A US nurse who protested against being kept in quarantine in New Jersey for two days despite lacking symptoms after caring for ebola patients in West Africa is to be released.
The move comes as scientists and federal officials clashed with state officials over quarantine policies.
Kaci Hickox, the nurse forced into quarantine on 24 October after arriving from Sierra Leone, was being flown on a private carrier to Maine, New Jersey’s health department said.
An agency statement said she had been symptom-free for 24 hours. Ms Hickox has said she never had symptoms and tested negative for ebola in a preliminary evaluation.
“We need those healthcare workers, so we do not want to put them in a position where it makes it very, very uncomfortable for them to even volunteer to go”
She had called her treatment “inhumane” and was talking about suing.
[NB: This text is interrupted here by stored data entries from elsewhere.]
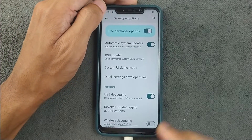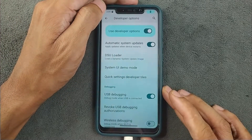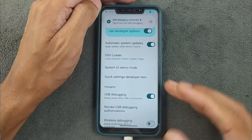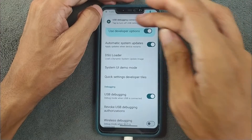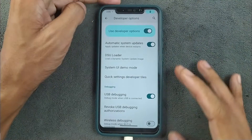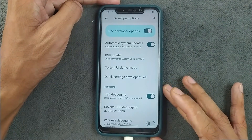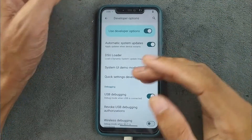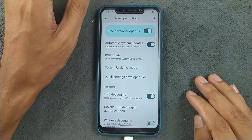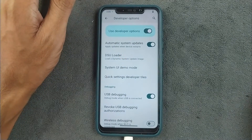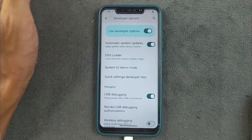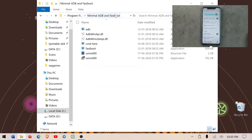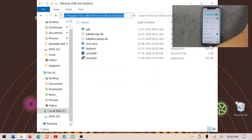It may prompt you to allow the device on your computer. In my case it won't ask since I've used this device before, but in your case allow it when prompted. Now in the address bar of the Minimal ADB folder, type 'cmd' to open the command prompt.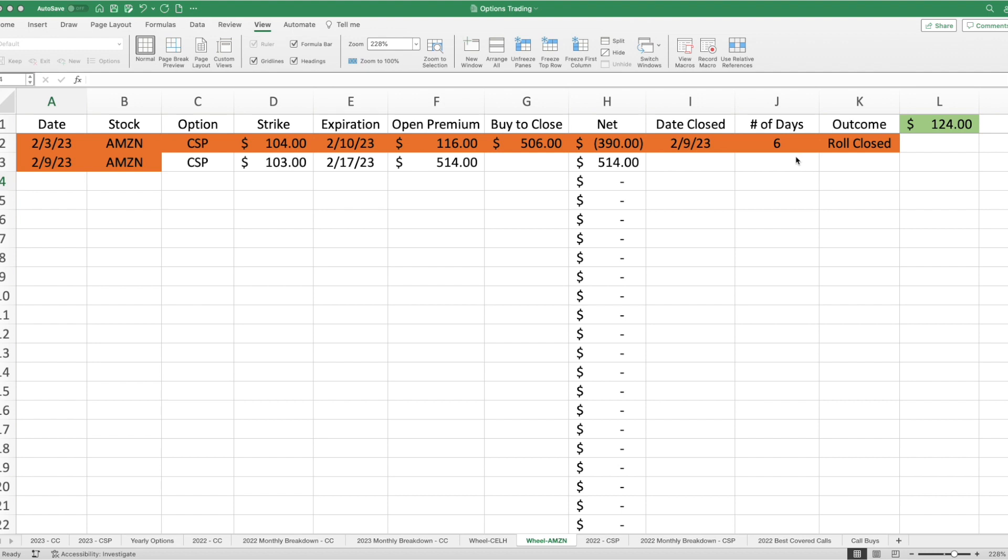So, I have rolled my Amazon cash-secured put. You can see here, on the 9th, I had to buy to close this contract, hence taking a loss on this transaction. But when I bought to open my new cash-secured put with a different expiration date, a better strike price, I was able to make net premium of $514, which means, in total, I've made $124.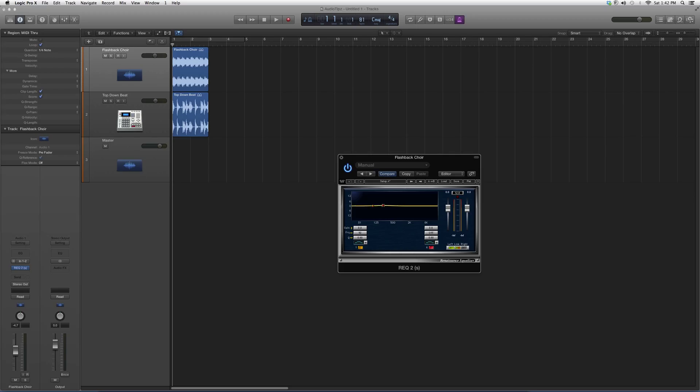Basically gives you two knobs. It's kind of like the Q2 but it's a whole different plugin and it works a little differently. It'll give you a different outcome, a different effect.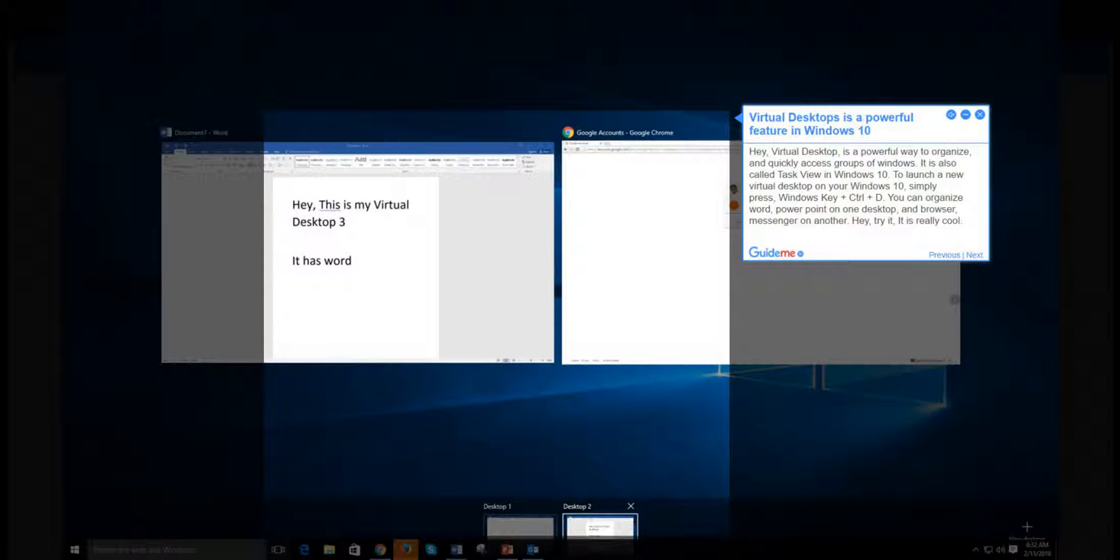Step 1: Virtual desktops is a powerful feature in Windows 10. Virtual desktop is a powerful way to organize and quickly access groups of Windows. It is also called Task View in Windows 10. To launch a new virtual desktop on your Windows 10, simply press Windows Key + Control + D.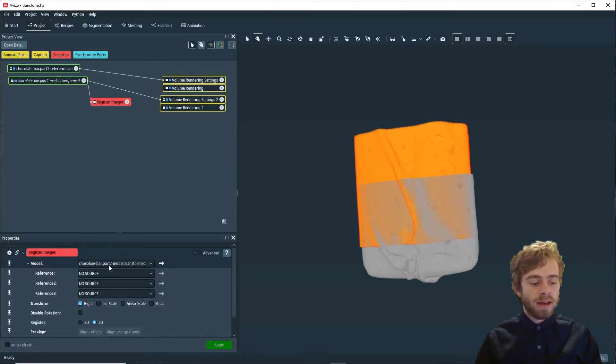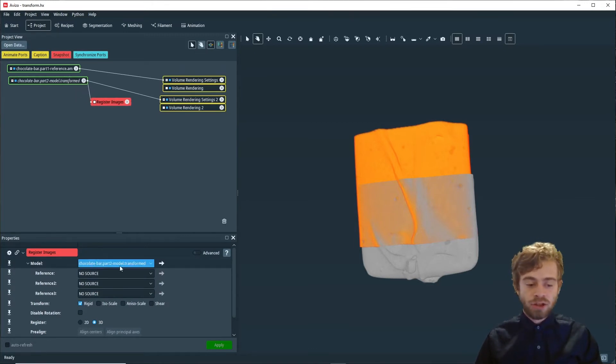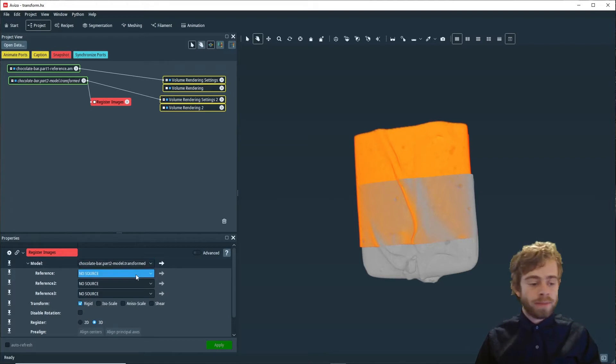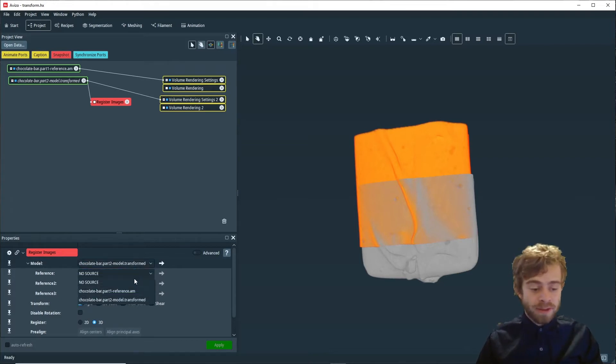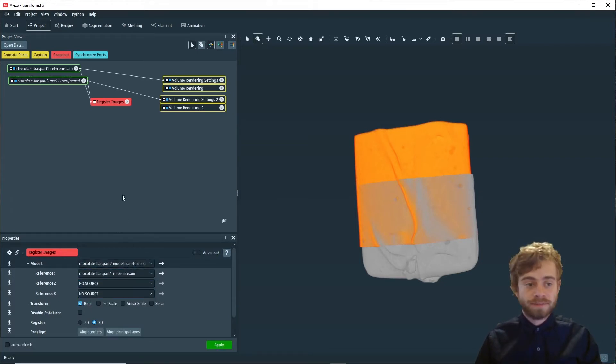Next, we're going to make sure our model is set to chocolate bar part two dot transformed and our reference is set to chocolate bar part one dash reference.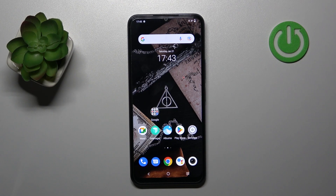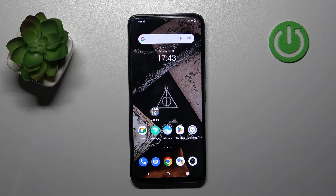Hi, today I'm Fred of MioY22Us and I'll show you how to log out from Gmail account on this device.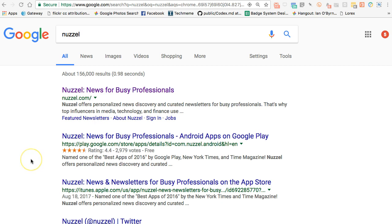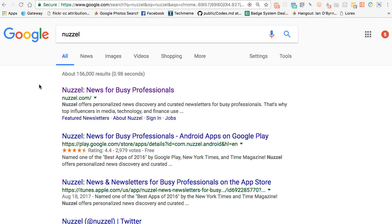One of the tools I use regularly is Nuzzle. Nuzzle is a free service — there are pay versions built into it and there are also newsletters you can create through Nuzzle, so it's a pretty powerful tool. The primary way I use it is I sign in and I give it access to my Twitter account. For those of you trying to figure out how to use Twitter, I think Nuzzle is actually an excellent way to get started and really use Twitter in a more meaningful fashion.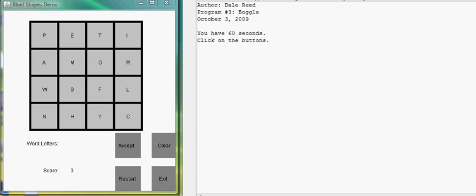This is program number three Boggle for CS102, Fall 2009. We're continuing with the Boggle game here with a few additional features.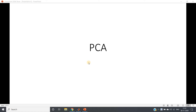Hello friends. Welcome to our channel Knowledge Amplifier. In this particular video I am going to discuss one very important concept related to machine learning, and that is PCA or Principal Component Analysis.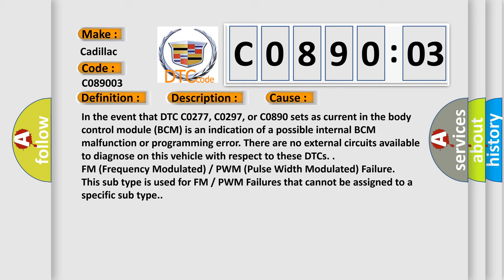In the event that DTC C0277, C0297, or C0890 sets as current in the body control module BCM, is an indication of a possible internal BCM malfunction or programming error.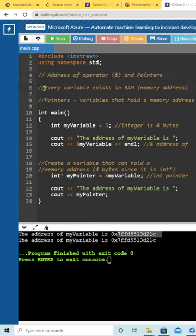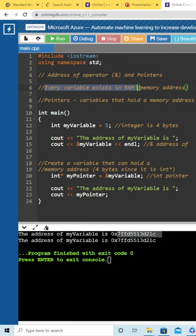So every variable that exists, exists in your memory in RAM, and it has a memory address associated with its starting location. Just like every house that exists has an address that's associated with it.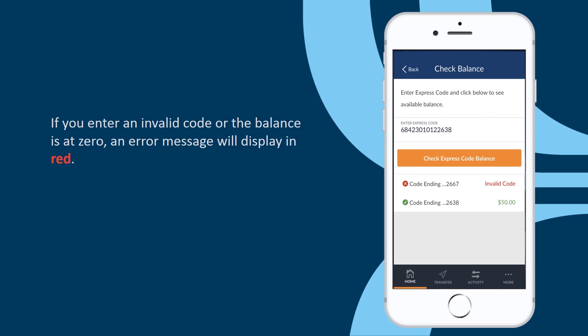Note that if you enter an invalid code or the balance is at zero, an error message will display in red.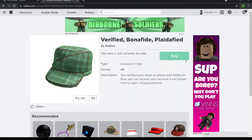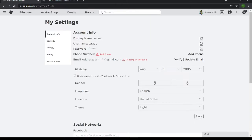Well guys, I'm ready to do this, and I'm sure you just had to get the verified bonafide plaidified hat in Roblox.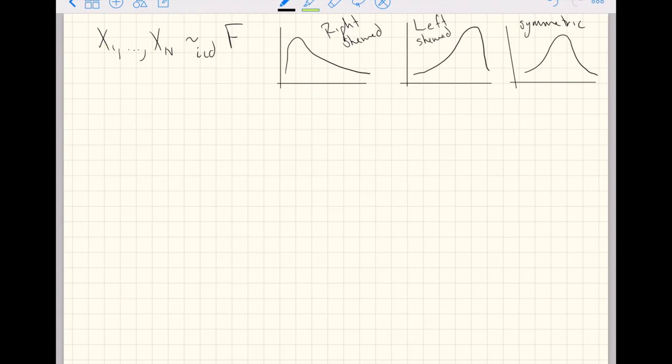We don't actually care what distribution these observations follow so long as we know there is some distribution — such that smaller numbers show up more frequently than larger numbers, we call that right-skewed; or larger numbers show up more frequently than smaller numbers, we call that left-skewed; or there's an equal chance that both big and small numbers show up, we call that symmetric. Any of these three could be the distribution F, and as far as the central limit theorem is concerned, it doesn't matter.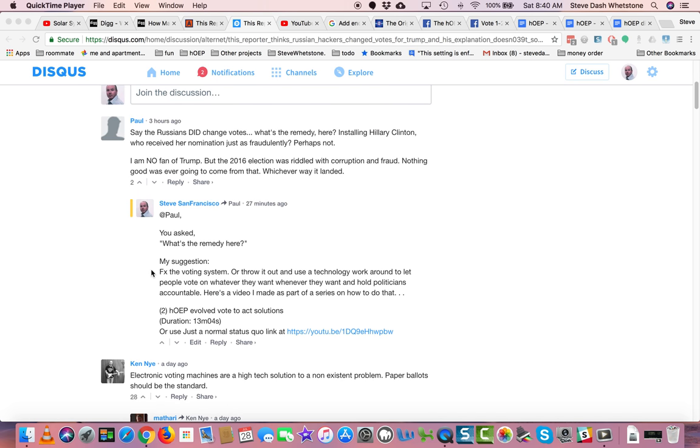Fix the voting system. Or, throw it out and use a technology workaround to let people vote on whatever they want, whenever they want, and hold politicians accountable. Here's a video I made as part of a series on how to do that.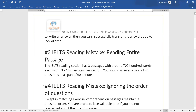The fourth mistake is ignoring the order of the questions. If your reading passage has headings, MCQs, and fill-in-the-blanks, you need to decide which to do first and which to leave for later — that depends on your practice and preparation. I would not try the headings question first, because it is time consuming.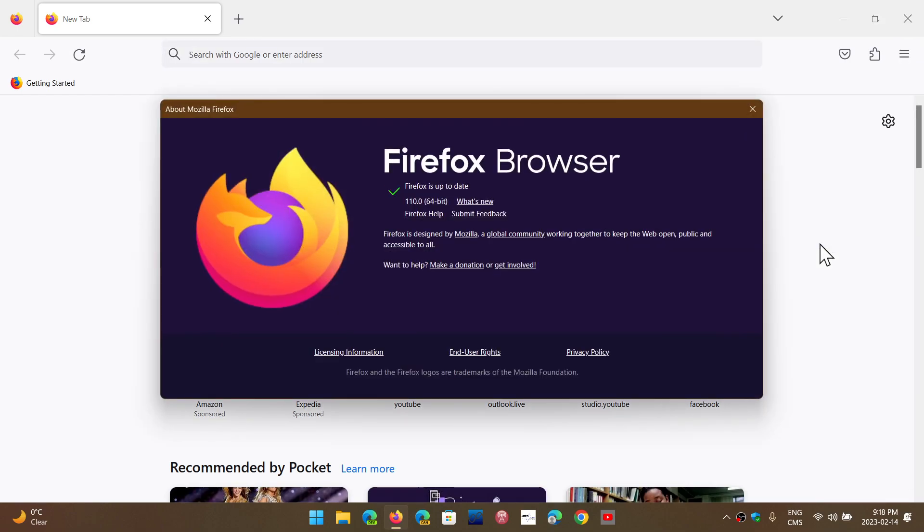It'll be moved to 110.0. And this actually adds, first of all, more possibility of importing bookmarks and history and passwords. So it could, of course, import from Edge, Chrome, or Safari, but now it can actually import from Opera, Opera GX, or Vivaldi. So if you want to move on to Firefox from these browsers.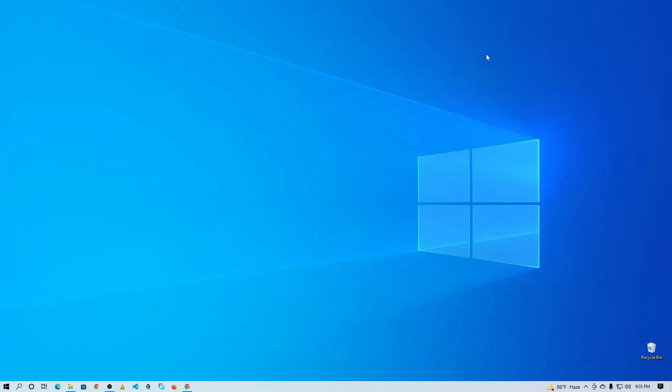Hey guys, this is Mehdi Shakil and you are watching SSTEC Tutorial. Today in this video I'm going to show you how you can install macOS Mixer on your Windows computer using VirtualBox. I already made a video about installing macOS Mixer using VMware Workstation, but that video only works for AMD PCs, not Intel-based PCs. In this video I'm going to show you a way using VirtualBox that will work both on AMD and Intel-based PCs.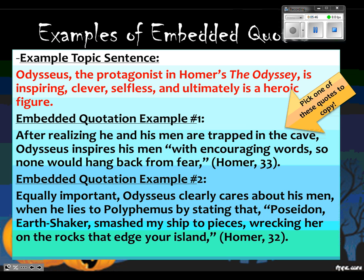You're seeing example after example, but there's really no proof that you get it until you try it. So the next step is you're going to have to try writing an embedded quote. It's not hard at all, so you shouldn't get concerned about it. You only have to think of four things: transition, lead-in, quote, citation.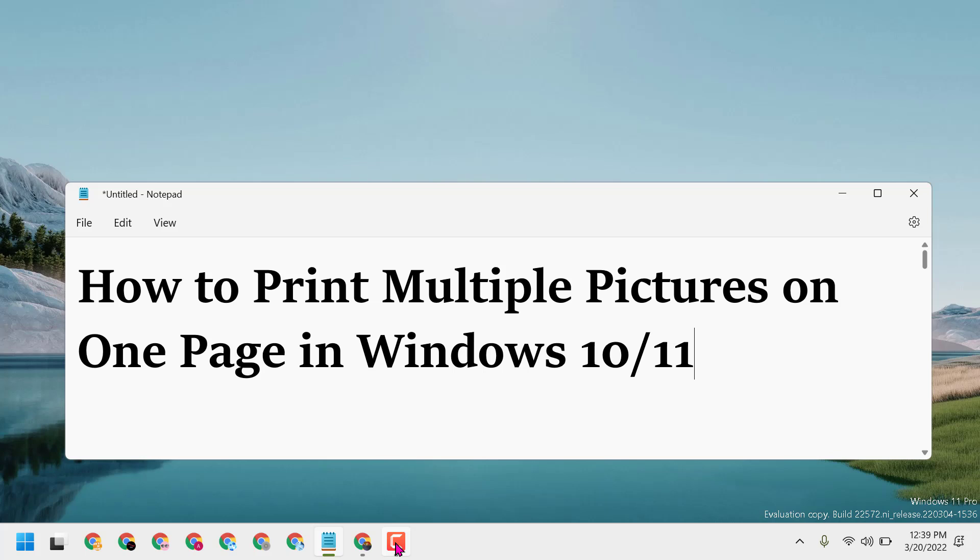Hello friends, today in this video I will show you how to print multiple pictures on one page in Windows 10 or 11.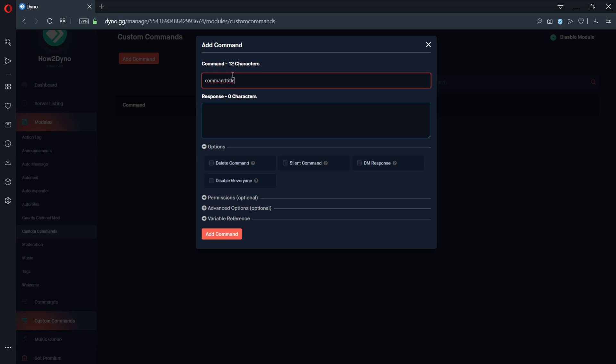The field titled response is where you'd enter text and variables to allow the custom command to function. More on this in part 2 of the walkthrough, so stay tuned.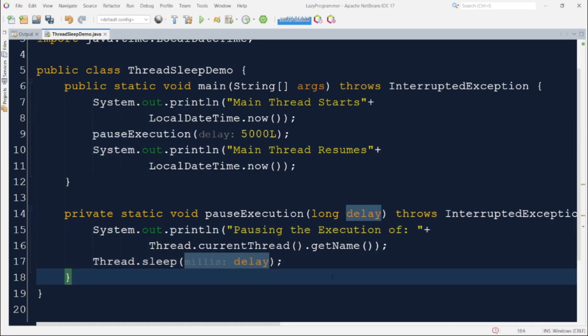In Java, everything is based on threads — unknowingly we all have been using threads. When we wrote our first Hello World program, we wrote a class and a main method where our Hello statement was written. And when we execute the program, it gets executed in a thread called 'main'. So here we are pausing that main thread execution in this example.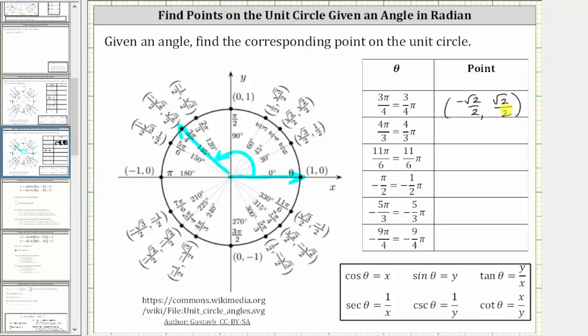Now that we know this point, we could find the six trig function values using this point when theta is three-fourths pi radians. The next angle is four-thirds pi radians.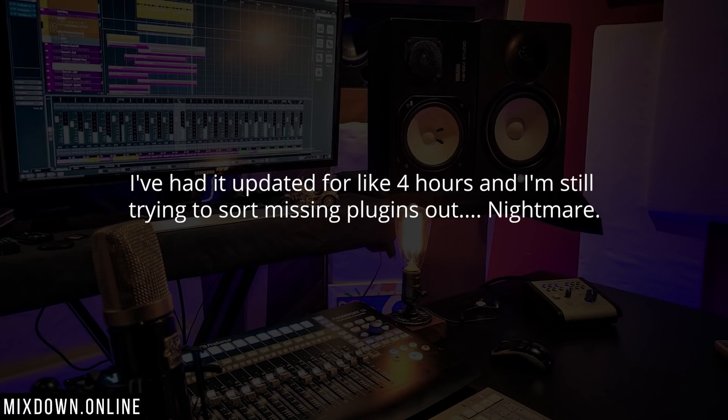Next question is about Cubase 10.5: I've had it updated for four hours and I'm still trying to sort out missing plugins — nightmare. This can happen when you upgrade to a new version of Cubase. If you have missing or blacklisted plugins, that probably means they're not supported in this version — chances are they are 32-bit plugins. This will happen if you upgrade from Cubase 8.5, which used to support 32-bit plugins, because the latest versions of Cubase only support 64-bit plugins.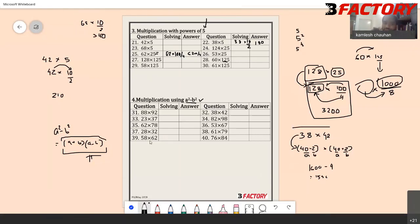Let's take another example: 58 into 62. Write 58 as 60 minus 2 and 62 as 60 plus 2. So this is 60² minus 2² = 3600 minus 4 = 3596. You can do it mentally.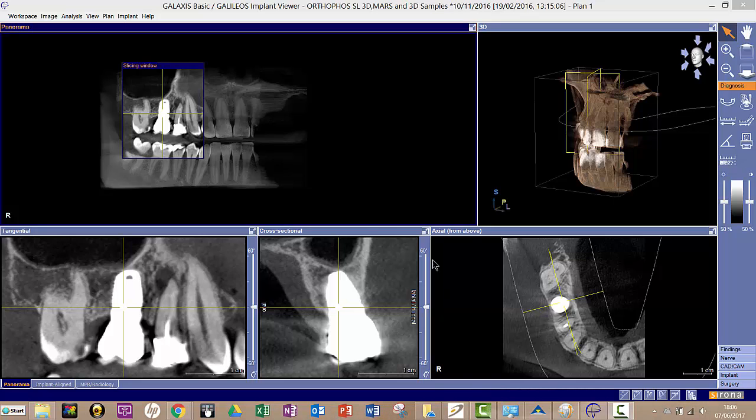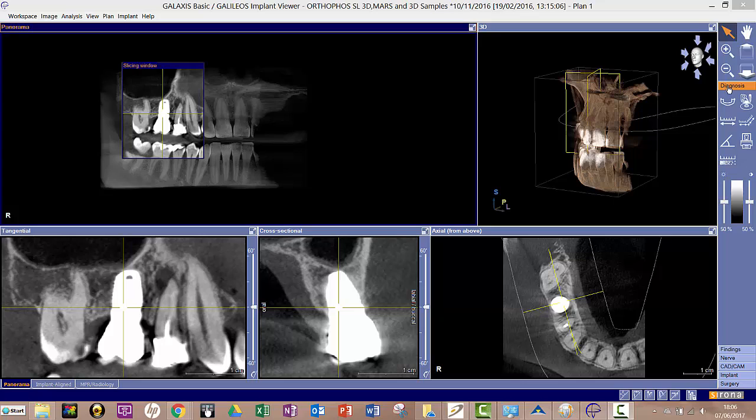First of all, have your image open here in the Galaxis Galileus implant as you would normally. Then you're on the Diagnosis tab here, so click on the Diagnosis tab if it's not already open.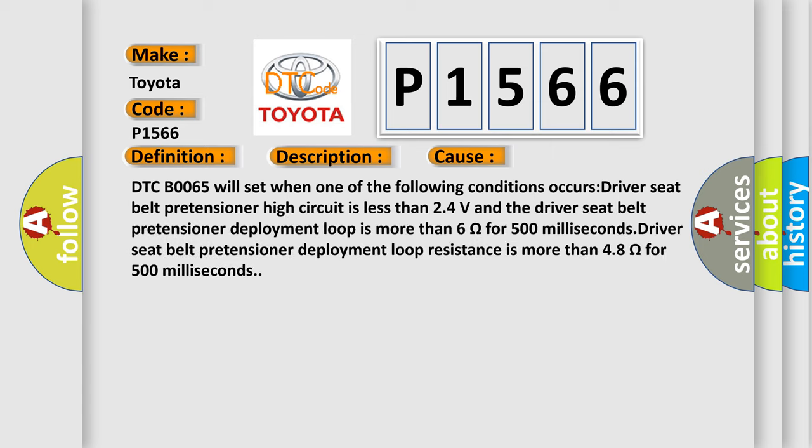DTC B0065 will set when one of the following conditions occurs: Driver seat belt pretensioner high circuit is less than 24 volts and the driver seat belt pretensioner deployment loop is more than 6 ohms for 500 milliseconds. Driver seat belt pretensioner deployment loop resistance is more than 48 ohms for 500 milliseconds.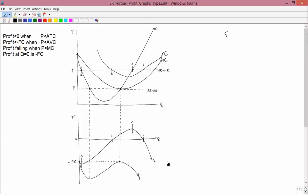We are again going to deal with Short Run Type 2. The curves in the upper graph are the same as the ones we've been working with before. We're going to be dealing with other prices — first P1, then P2. I'm going to derive from the upper diagram the lower diagram, which is the graph of total profit for those two prices. We'll start with P1.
Ms Hickox had been the first person affected by New Jersey’s mandatory 21-day quarantine for medical workers returning from West Africa.
New York and Illinois announced similar plans, even though scientists say the restrictions go too far and could hamper global efforts to contain the outbreak.
“When she has time to reflect, she’ll understand,” claimed New Jersey governor Chris Christie.
Mr Christie and New York governor Andrew Cuomo called federal health guidelines inadequate when they announced their quarantine plans, only to find themselves under fire through the weekend from members of the medical community and the White House.
“The best way to protect us is to stop the epidemic in Africa, and we need those healthcare workers, so we do not want to put them in a position where it makes it very, very uncomfortable for them to even volunteer to go,” said Dr Anthony Fauci, director of the National Institute of Allergy and Infectious Diseases.
The three governors said their policies permit home confinement, with twice-daily monitoring, for medical workers who have had contact with ebola patients but show no symptoms.
Maryland officials announced a similar measure: they will require anyone considered to have “high-risk exposure”, which they defined as known, unprotected contact with bodily fluids from someone infected with ebola, to stay home and have daily contact with health officials until they are proved to be ebola-free.
Mr Cuomo said quarantine tents at medical facilities, such as the one Ms Hickox was put in, would be used only in certain cases, for example if local home confinement is not an option.
New York will also pay for any lost compensation if the workers are not paid by a volunteer organisation for their time in quarantine, according to the protocols Mr Cuomo detailed. Three weeks’ salary for highly paid medical workers could represent an additional burden on hard-pressed charities.
The Obama administration considers the policies in New York and New Jersey “not grounded in science” and conveyed its concerns to Mr Christie and Mr Cuomo, a senior administration official told the Associated Press.
Dr Fauci insisted that any quarantine policy should be driven by science – and that science says people with the virus are not contagious until symptoms appear. Even then, infection requires direct contact with bodily fluids.
Close monitoring of medical workers for symptoms is sufficient, Dr Fauci said, warning that forcibly isolating healthcare workers for the 21-day ebola incubation period could encourage the spread of ebola by removing responders from the fight.
The state-imposed quarantines were announced after Dr Craig Spencer returned to his New York City apartment after treating ebola victims in Guinea. After a week he developed a fever and was admitted to Bellevue Hospital Centre. His condition remains serious but stable.
The World Health Organization said more than 10,000 people have been infected with ebola in the outbreak that came to light last March, and nearly half of them have died, mostly in Guinea, Sierra Leone and Liberia.